4. The accused in this case could have gone either route. She could have gone to the police or could have gone to the administration. She chose to do neither for six months or more.
5. When she finally reported the matter to the administration, her story was basically that she had had consensual sex with the guy twice before, was engaged in consensual sex with the guy a third time, but it became non-consensual they he switched from vaginal intercourse to anal intercourse without her consent. She says she clearly told him "no" and to stop.
6. Now, the story gets fuzzy at this point. It is unclear how long he continued anal sex, how forcefully she resisted, whether she yelled or screamed or tried to alert anyone else at the dorm.
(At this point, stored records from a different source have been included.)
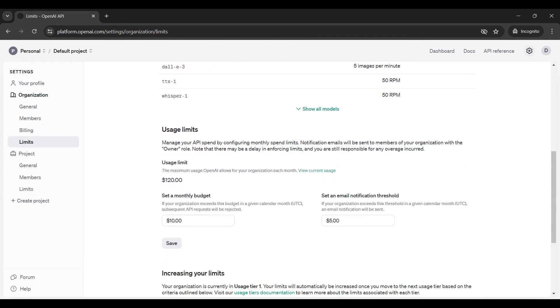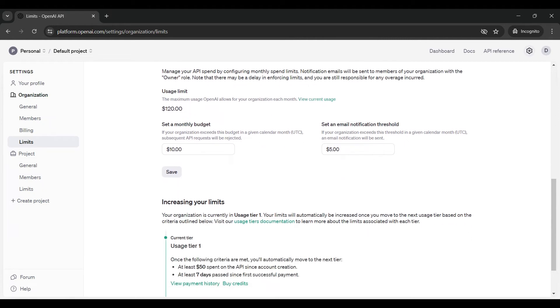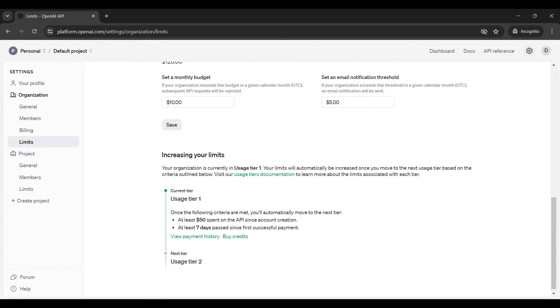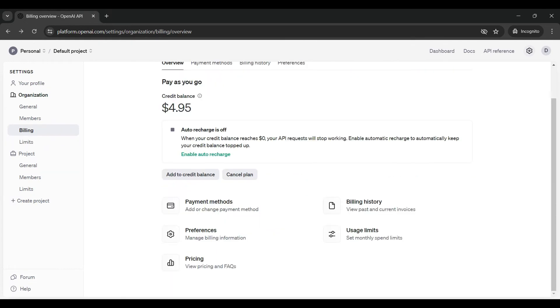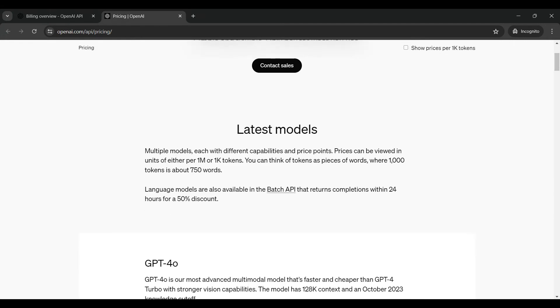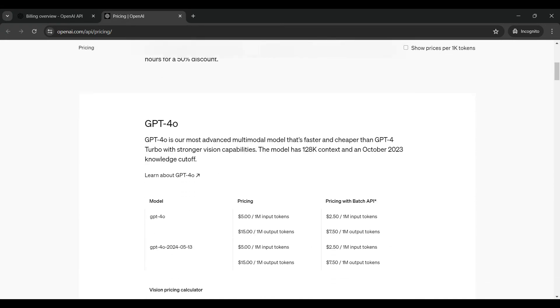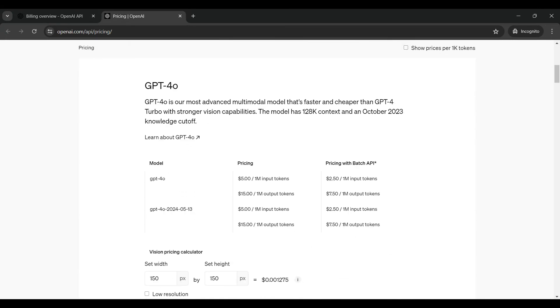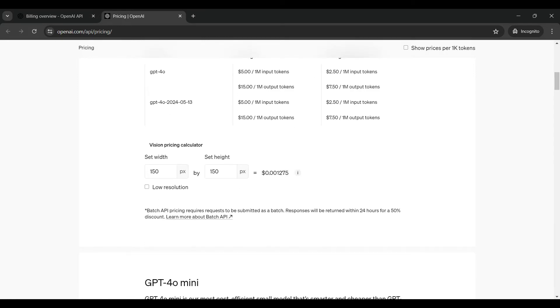You can also create spending limits by setting a monthly budget and an email notification threshold. If you need higher usage limits, you will need to wait to move to the next tier based on this criteria. You can also view pricing here. Each model has different rates per token value. Tokens are pieces of words. We will be using GPT-4.0, so my five dollar credit balance will allow me to send one million tokens before we need to add more credit. Other models are less expensive as shown here.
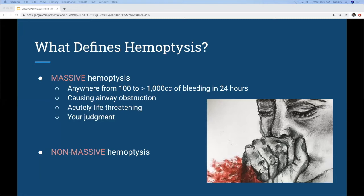One thing to remember is that the major conducting airways have a volume of really only about 150 cc's, so it doesn't take that much blood to essentially fill them up and cause asphyxiation and arrest. You have to be very mindful — even if somebody technically has non-massive hemoptysis with normal vital signs and is just coughing up a little blood — they might rapidly deteriorate. The biggest thing is to use your judgment and make sure you're incorporating frequent reassessments of the patient.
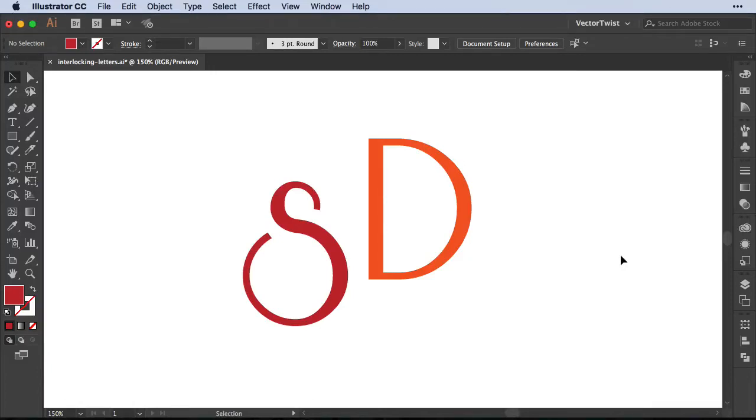Hi everyone, Simona here from Vector Twist. In today's tutorial, I would like to show you how to interlock two letters. As you can see here on the screen, I have the letter S and the letter D.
At some point he stopped (according to her, it was before he came) and left her room.
7. I have not seen any interviews of the accused, but his story to Columbia appears to be that the anal sex was initially consensual (or that he at least thought it was), but that she changed her mind (probably because she didn't like it after all) and when she told him to stop he then stopped and left, apparently because she was upset with him.
8. Now, given those two versions of events, what is Columbia supposed to do, particularly when the accuser doesn't report the incident until over six months later? Is the administration just supposed to automatically believe her story and expel the guy, or is it supposed to interview both parties, review any other evidence, and try to come with a decision based primarily upon the credibility of the two parties and their stories. I believe most of us would say the administration should do the latter, which is exactly what occurred here.
9. And, even after the administration had found the accused "not responsible," the accuser still retained her right to go the police to press charges, which she ultimately elected not to do.
So, again, what did the university do wrong? And what is it supposed to do now? Enact a policy whereby anyone accused of date-rape is automatically found guilty? That the credibility of the witnesses is irrelevant? That lack of any physical evidence doesn't matter? That an accuser can wait months before reporting the incident and that shouldn't factor into the administration's decision? That if two other women claim the accused is "abusive" (i.e, a jerk), then the accused MUST be found guilty of sexual assault?
Come on! The policy of the administration must be at least as much geared towards protecting the rights of the accused as it is to make sure the rights of the accuser are protected.
I don't know what happened that night. I wasn't there. But neither was the administration. I don't know whether the accused is guilty or not, but it sure seems to me that Columbia University is innocent.